Kania smiles, patriots raise funds -- and Poles long for strawberries

Stanislaw Kania seems positively cheerful these days. The Polish leader keeps turning up on television as he trots around the country from one regional party conference to another. He busily explains the party line to each conference as it elects delegates to next month's crucial Communist Party congress.

The cherubic party boss has been getting an exceedingly friendly reception. And it looks genuine -- as though these representatives from the grass-roots organizations are relieved to feel an already perceptibly stronger hand.

Ordinary, noncommunist Poles seem to accept Kania's current middle course between the more ardent reformers and the conservative antireformers as the only way. They seem to recognize that Kania's acknowledged commitment to reform must now be trimmed to realities.

Buoyed by his warm reception around the nation, Kania recently told an official visitor who was not a communist: "This congress is going to be the best our party has never had."

His confidence may be encouraged by visible support from Solidarity chairman Lech Walesa. The independent union leader has not only several times dissociated the union from anti-Soviet acts (such as the daubing of Soviet war memorials) but has also dispatched union activists to help clean them up.

Mr. Walesa has been talking forthrightly about industrial relations. He has praised the way Japanese workers apply themselves to their jobs and the merits of their relations with employers and government.

On returning from the International Labor Organization conference in Geneva, he told a Polish newspaper: "Solidarity must take greater responsibility for its words and actions. Strikes that were typical of us have lost their glamour. Society knows other ways of securing enforcement of agreements . . . ways that do not hurt working people.

"Before we plunge into confrontation, we must weigh the balance of gains and losses. We must not expose people to danger. . . . Some voices say I have gone soft and follow the government. But, if we happen to lose, what shall I say them? The government could not govern in the situation we have had. It mus have peace and certainty. . . ."

Mr. Walesa has also made news by donating his $60,000 Greek trade union prize to completion of the plan to restore the famous Reclawice Panorama to its place in the western city of Wroclaw. It commemorates Tadeusz Kosciuszko's epic victory in the insurrection of 1794 against an attempt by the "hard-liners" of those days to get rid of the democratic constitution of May 3, 1972.

Walesa's gesture prompted some comment. "The money would have bought quite a lot of food," a young Polish woman remarked, "or even built a few small flats."

Other Poles disagreed. To them the panorama is cherished as a hopeful symbol for their troubled present. Years ago a start was made to restore it to the heart of Wroclaw. That was abandoned. Now -- tanks partly to Mr. Walesa -- it is at last to be finished.

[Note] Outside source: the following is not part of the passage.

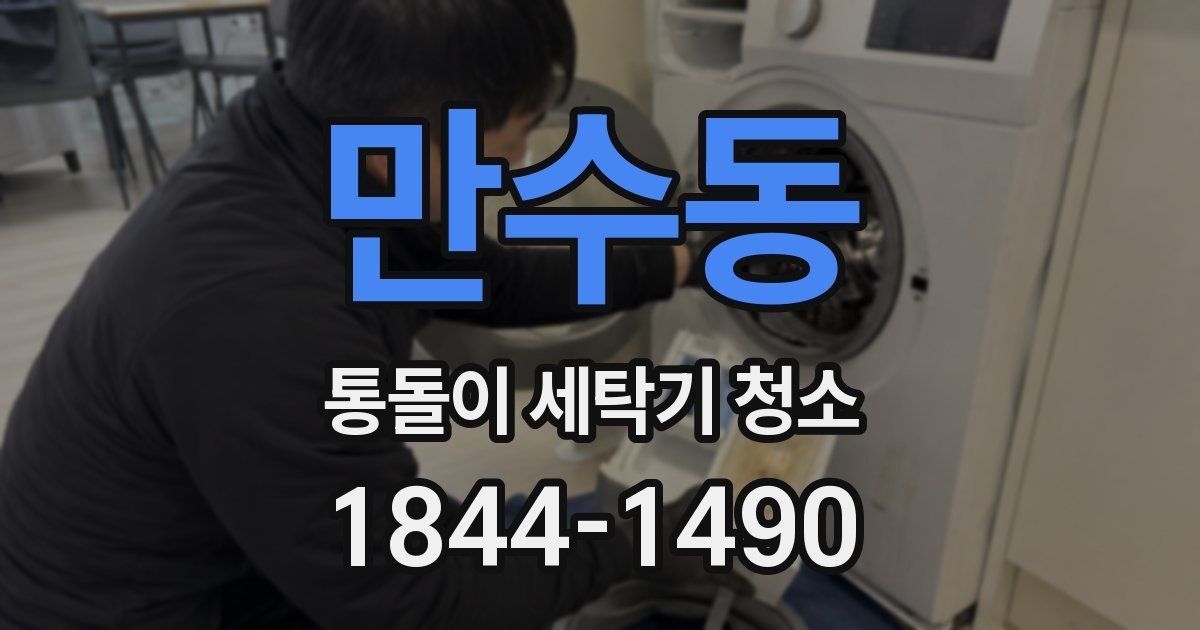 만수동 통돌이 세탁기 청소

A few weeks ago Wroclaw's biggest theater sold out a benefit performance of Jerzy Sito's verse play, "Polonez." The play deals with one of those sensitive bits of history that have been taboo here for years -- the period in which the Russians and other powers busily partitioned Poland from time to time.

Sito wrote it in 1979, but it could not be staged here until last January. It's been playing to packed houses ever since. It is not surprising: Much of it has an echo in Poland's more recent experience. And that benefit brought another 90,000 zlotys (about $3,000) to the panorama restoration fund.

Poles like strawberries as much as anyone (even when, like now, there is no cream to go with them). But they have had a hard time finding any, although the crop is plentiful and the prices reasonably by Polish standards.

Why?Because the bulk of the first luscious fruit went to processing instead of to consumers. "Appalling ineptitude," declared the newspaper Trybuna Ludu.

This is only one of many irritants consumers must endure. All too often the organization or the will do not exist to get things -- especially peri shables like strawberries -- to consumers quickly.